Absturz über der Ost-Ukraine: Die sechs Mysterien des MH17-Abschusses
Foto: afp, JK

Wrackteile des abgestürzten Jets der Malaysia Airlines sind verschwunden; internationale Untersuchungsteams wurden behindert; die im Internet kursierenden Fotos und Filme sind offenbar teilweise manipuliert. Und die Konfliktparteien unternehmen alles, um den Gegner als Schuldigen hinzustellen. In dieser verworrenen Lage bietet das unaufgeklärte Verbrechen Zweiflern vielfältige Ansätze für düstere Thesen. Sie werden auch nach der Auswertung des Flugdatenschreibers weiter Anhänger finden. Wir widerlegen die gängigsten Verschwörungstheorien.

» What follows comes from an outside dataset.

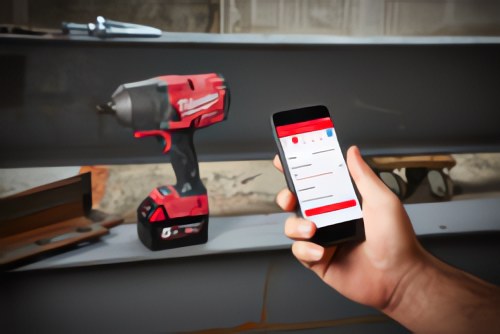 Представляем M18 FUEL™ высокомоментные ударные гайковёрты с ONE-KEY™: самый мощный ударный гайковёрт в отрасли — теперь с максимальным контролем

Theorie 1: Es gab gar keine Rakete

Russland wie die Ukraine behaupteten zunächst übereinstimmend und auffällig schnell, der Jet sei durch ein Flugabwehrsystem vom Typ "Buk" zerstört worden. Die Armeen beider Staaten verfügen darüber, so dass der Schuldige schwer auszumachen wäre. Doch wurde der Jet überhaupt von einer großen Rakete getroffen? Jeder kennt die Kondensstreifen, die Jets auf Reiseflughöhe bei mehr als minus 40 Grad durch ihre rußhaltigen Triebwerksabgase in Verbindung mit Luftfeuchtigkeit erzeugen. Das gilt auch für Raketen. Es gibt aber kein einziges Foto, das zum Beispiel den minutenlang am Himmel stehenden, fast senkrechten Kondensstreifen einer Rakete zeigt. Oben, in 10 000 Meter Höhe, müsste es zu einer Explosion gekommen sein; die zu Boden fallenden Wrackteile hätten ebenfalls in der Luft Spuren hinterlassen müssen - Bilder und Filme zeigen indes nur eine Explosion am Boden und darüber einen leeren Himmel.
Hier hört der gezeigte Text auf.